Wicked opens its lottery two and a half hours prior to curtain, with 25 seats being sold for $26.50 each. The How to Succeed in Business Without Really Trying rush offers $30 tickets when the box office opens. You will have to get there early to line up to make sure you get a ticket; the first people in line often get the front row. (This was the policy in the fall when Daniel Radcliffe was in the show, I'm not sure if this will change once Nick Jonas starts this week.)

In general, I would say the best way to check out a show's rush policy is its official website (they usually list it in the tickets section) or go to the box office and ask. Often, rush tickets are "subject to availability" meaning that they don't set aside a certain number of tickets for rush, so if the show is sold out, there may not be any rush tickets available. However, January and February is a slow time for New York theater and tickets in these months are generally easier to get. I remember fondly getting last minute "snow day" tickets to the revival of Hair during the big snowstorms of 2010 -- $40 for orchestra seats!

Additional options include Lincoln Center's LincTix program and Roundabout's HipTix. If you are between the ages of 21 and 35 you are eligible for $30 tickets to War Horse and Other Desert Cities. Roundabout has a wider eligibility, starting at 18 through 35 and all tickets are $20.

Many theaters and ticket agencies offer student memberships.

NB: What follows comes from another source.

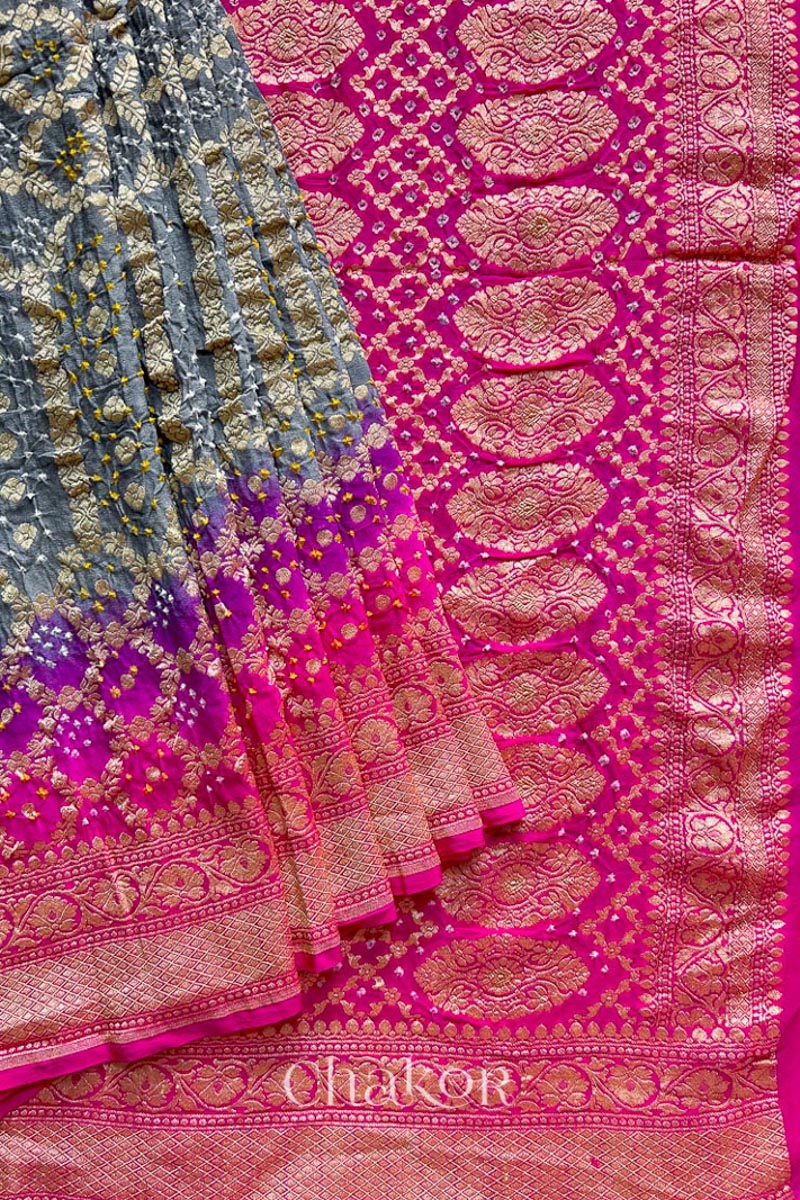 Close up of Handcrafted Pink and grey ombre shaded Bandhani Banarasi Georgette Silk Saree featuring zari weaving and Kutch Bandhej.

What this means is that you pay a flat rate to join their program, and then you are offered discounted tickets. Some policies are as follows:

Manhattan Theater Club has a free program which offers $30 tickets to patrons under 30. MCC offers ticket discounts for young people without a membership, with $20 student rush and $20 advance tickets for people under 30. New York Theatre Workshop offers "CheapTix Sundays", a limited number of $20 tickets for Sunday evening performances, and student tickets in advance for $25. Details here Playwrights Horizons offers a 30 & Under membership with a $20 upfront fee, or a Student Membership with a $10 upfront fee Details here The Public Theater does not offer memberships at a student rate, their membership flat fee is $55, but they often offer student discounted tickets in advance, and rush tickets for $20. I would recommend following them on twitter to keep updated on their discounts Rattlestick Playwrights Theater offers a $25 under-30 membership, or a $10 student membership with discounted ticket prices. The Vineyard Theater offers a $35 Under-30 membership which gives you access to $15 member tickets for their productions The Signature Theater initiative (which this season includes Blood Knot, Hurt Village, and The Lady from Dubuque) offers all tickets for $25 during a show's initial run (This does not apply to extensions). Second Stage offers $18 student rush tickets or $30 "Youth Advance" tickets for ages 30 and under. TheaterMania's Gold Club offers a student rate at 40% of the yearly rate for membership for deeply discounted tickets on Broadway and Off-Broadway productions.

The New York theater community definitely makes its shows available to college students who are short on cash. If you're fortunate enough to be living and learning here, experiment, and use your discount to check out a play you might not normally see. The best theater education I've gotten is from seeing lots of shows!